Bids for the 2003 Pan American Games

Overview
- XIV Pan American Games
- Winner: Santo Domingo Runner-up: Guadalajara Candidate: Medellín

Details
- Committee: PASO
- Election venue: Panama City, Panama 36th PASO General Assembly

Map
- Location of the bidding cities

Important dates
- Decision: December 6, 1998

Decision
- Winner: Santo Domingo (28 votes)
- Runner-up: Guadalajara (24 votes)

= Bids for the 2003 Pan American Games =

Three cities submitted bids to host the 2003 Pan American Games that were recognized by the Pan American Sports Organization. Santo Domingo was selected by PASO to host the XIV Pan American Games in the second round of voting on December 6, 1998, at its general assembly held in Panama City, Panama.

== Host city selection ==
Medellín was eliminated in the first round, as 26 votes were needed to win. Santo Domingo won the majority vote in the first and second rounds with 24 votes and 28 votes, respectively.

2003 Pan American Games bidding results
| City | NOC | Round 1 | Round 2 |
| Santo Domingo | Dominican Republic | 24 | 28 |
| Guadalajara | Mexico | 21 | 24 |
| Medellín | Colombia | 6 | — |

== Bidding cities ==
=== Santo Domingo, Dominican Republic ===
Following the 1986 Central American and Caribbean Games held in Santiago de los Caballeros, President of the Dominican Republic Olympic Committee Dr. José Joaquín Puello announced a 13-point "ten-year plan," from 1989 to 1999, in which the last point was to hold the Pan American Games. The country gained support of President of the Pan American Sports Organization Mario Vázquez Raña following thereafter; on June 24, 1986 Raña urged Puello to bid for Pan American Games. Santo Domingo had submitted a bid for the 1999 Pan American Games, but lost to Winnipeg by six votes after a tight voting.

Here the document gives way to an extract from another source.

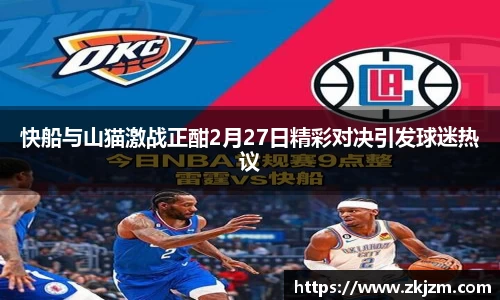 球速体育官方网站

Santo Domingo's campaign to host the 2003 Games focused on the fact that the smaller countries can host the event, using the slogan Los Pequeños También Pueden (English: The little ones can also), and it proved to be effective. Puello also gained the support of newly-elected the then president Leonel Fernandez, even though broad sectors rejected the bid project.

In the first round of voting, Medellín was eliminated. Santo Domingo and Medellín had an informal agreement that if one of the two cities was eliminated in the first round, they would make a campaign for the other in the second. Santo Domingo won in the second round.

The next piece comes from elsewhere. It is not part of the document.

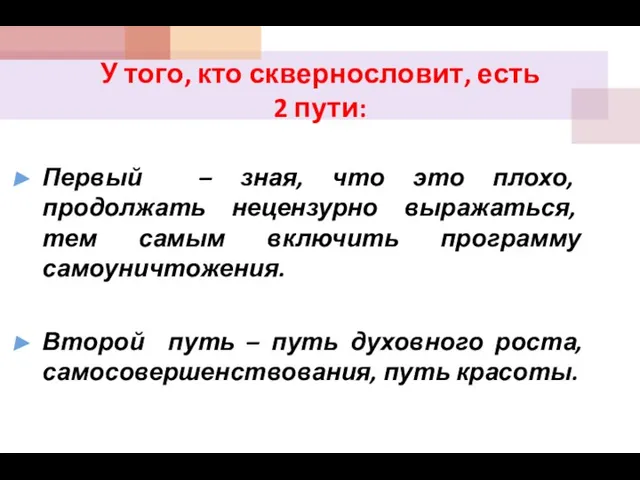 У того, кто сквернословит, есть 2 пути: Первый – зная, что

=== Guadalajara, Mexico ===
In 1996, Mayor César Coll Carabias launched the first ever candidacy for Guadalajara to host the 2003 Pan American Games. Guadalajara had most of the sports venues necessary and a wealth of experience in organizing multi-sport events. Additionally, the then president of the Pan American Sports Organization Mario Vázquez Raña supported the city. In an effort to gain support for Guadalajara, Mexican delegates had offered to give about $51,000 to each of the 41 National Olympic Committees to be used for training programs for athletes. The Colombian delegation responded to this by accusing Mexico of bribery. Guadalajara lost to Santo Domingo in the second round.

=== Medellín, Colombia ===
Medellín had boasted an excellent climate condition, as well as the fact that most of the facilities that would have been necessary already existed, but due the colombian internal drug owners conflicts, the security considerations were a major concern. the then General Rosso José Serrano attempted to alleviate concerns over safety in Medellín. Medellín was eliminated was eliminated in the first round of voting. Keeping their promise to vote for Santo Domingo if they were eliminated in the first round, after the elimination, the colombian city make your campaign for Santo Domingo in the second.

== Showed preliminary interest ==
- CHI Santiago, Chile
Santiago did show interest in hosting the 2003 Games, but in June 1998, the city decided not to further any attempt for hosting the games.